While we tried to reduce the number of parts as described above, a typical, stacked-type 3D printing can cause warping of parts due to resin shrinkage, especially when they are molded too large. We often encountered this problem when molding Sight. As a solution, we dipped the molded parts in boiling water and fixed them to a board with rubber bands to correct the warping. As a practice, it is recommended to avoid molding parts that are too large, while considering the tradeoff between the size of parts and the number of parts.
(6) Considerations for obtaining visitors' personal information
As noted above, we collected responses to the questionnaire and monitored the exhibition room remotely through the images. In such a scenario, it would be necessary to take care when collecting personal information that may lead to the identification of visitors. In the exhibition, we did not collect any information that could identify the visitors, such as their names, sexes, ages, through the questionnaire. The images sent from the remote monitoring system were uploaded to a server accessible only to the members of the Sight project. In addition, we did not retain the images by overwriting the old images on the Raspberry Pi and the server each time a new image was acquired.
(1) Low sound volume
The circular shape, which was intended to be safe and robust, functioned as expected. To the best of our knowledge, there were no accidents related to falling or dropping Sight during the exhibition period. In addition, the hardware of Sight did not break down. On the other hand, the large diameter of Sight (i.e., 30 cm) caused the distance between the speakers and the ears, resulting in the low volume of the sounds to be heard. This problem was more pronounced when the head of the user was small or when ambient sounds were loud due to crowds or announcements in the museum. In these cases, the users placed their ears close to either the left or right speaker and gave up the sounds from the opposite speaker, and thus the stereophonic effect was not obtained. This observation suggests the importance of assuming the physicality of users and the various environments. In our case, we should have designed the inner diameter of the device to be smaller, or prepared devices with several different diameters.

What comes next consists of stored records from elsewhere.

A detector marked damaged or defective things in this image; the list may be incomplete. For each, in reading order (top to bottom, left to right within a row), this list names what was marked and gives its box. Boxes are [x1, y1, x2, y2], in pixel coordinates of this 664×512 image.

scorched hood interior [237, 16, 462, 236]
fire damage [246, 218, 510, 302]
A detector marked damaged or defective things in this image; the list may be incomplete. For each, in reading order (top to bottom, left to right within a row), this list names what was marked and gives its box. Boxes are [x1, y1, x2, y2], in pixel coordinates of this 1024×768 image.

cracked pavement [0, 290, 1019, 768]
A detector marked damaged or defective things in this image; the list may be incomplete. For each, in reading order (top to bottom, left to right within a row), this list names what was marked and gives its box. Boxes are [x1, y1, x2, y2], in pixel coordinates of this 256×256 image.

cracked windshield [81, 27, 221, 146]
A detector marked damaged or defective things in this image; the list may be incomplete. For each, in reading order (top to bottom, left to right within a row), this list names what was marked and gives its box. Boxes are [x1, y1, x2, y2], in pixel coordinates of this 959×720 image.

(2) Maloperation by children
Although we activated a parental control function of the iPads to prevent unexpected operations (e.g., shutdown), there was a case in which the application shut down and could not be recovered because the iPads were somehow mishandled by children. In addition, there was a case in which a child entered the prohibited area while the guardian was not looking. We learned that systems that may be used by children should not only be safe, but should also take into account the possibility of unexpected use.
(3) Nighttime power outage
There was a case where the batteries of devices and computers ran out due to a nighttime power outage as part of routine maintenance. In another case, the system was disconnected from the network due to the maintenance of network equipment. We learned that we should keep in mind the possibility of power outages and the maintenance of network equipment in public facilities.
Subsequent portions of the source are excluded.